You will criticize me, reader, for writing in a style six hundred years removed from the events I describe, but you came to me for explanation of those days of transformation which left your world the world it is, and since it was the philosophy of the Eighteenth Century, heavy with optimism and ambition, whose abrupt revival birthed the recent revolution, so it is only in the language of the Enlightenment, rich with opinion and sentiment, that those days can be described. You must forgive me my ‘thee’s and ‘thou’s and ‘he’s and ‘she’s, my lack of modern words and modern objectivity. It will be hard at first, but whether you are my contemporary still awed by the new order, or an historian gazing back at my Twenty-Fifth Century as remotely as I gaze back on the Eighteenth, you will find yourself more fluent in the language of the past than you imagined; we all are.

Do you love it?  I do.  But if you don’t, you will be happy to know that much of the book is written in simpler language, and the rules of language are explained.  Gendered speech is forbidden, though Mycroft frequently breaks the rule and uses “he” and “she” for the pronoun “they” (ouch!) the people use instead.   The dialogue combines English,  translated Chinese and French (she makes the English sound a bit like those languages), and, what I like the most, some of the characters speak Latin.  The lovely thing?  This is the only book using Latin, with the exception of Peter Stothard’s The Senecans:  Four Men and Margaret Thatcher (I wrote about it here)  and of course scholarly books, I have read without Latin errors since 2015.
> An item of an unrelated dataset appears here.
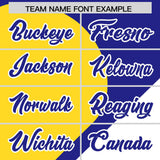 Custom Royal Gold-White Color Block Personalized Half Heart Pattern Authentic Baseball Jersey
At the center of the book is a political plot that threatens to unravel many well-kept secrets.  The maverick Mycroft and Carlyle Foster, a Sensayer (a cross between  psychologist and a metaphysician), are employees of a powerful household  protecting and hiding  Bridger, a philosophical boy with a frightening ability to animate inanimate objects.  (My favorites are the toy soldiers, especially the Major.)  Mycroft and Carlyle are devoted to him, and the household protecting him–among them Thisbe (who makes “smelltracks” for films), and Cato, a fanatical science teacher at a museum–are all in the family business of managing the flying “cars” and traffic–and recognize that he needs shelter.   But their business and the safety of Bridger are  jeopardized when a high-profile theft is committed in their “bash'” (household).

World-building is a big part of this novel, and it is complicated.  “Hives” have taken the place of nations:  people from all different backgrounds define themselves by their talents rather than geography or race:  they choose to become humanists, Utopians, Masons, and several other categories that make no sense out of context.  What happens when somebody steps outside of the box–I mean far, far out of the box–in a peaceful world?  Havoc is created.

Here is a quote from  Palmer’s  history blog, Ex Urbe, that also sheds light on her novel.

All my projects stem from my overall interest in the relationship between ideas and historical change. Our fundamental convictions about what is true evolve over time, so different human peoples in different times and places have, from their own perspectives, lived in radically different worlds with radically different rules.

A very enjoyable read!  Very brilliant, very complicated.  And there’s a sequel.  That’s  on my list.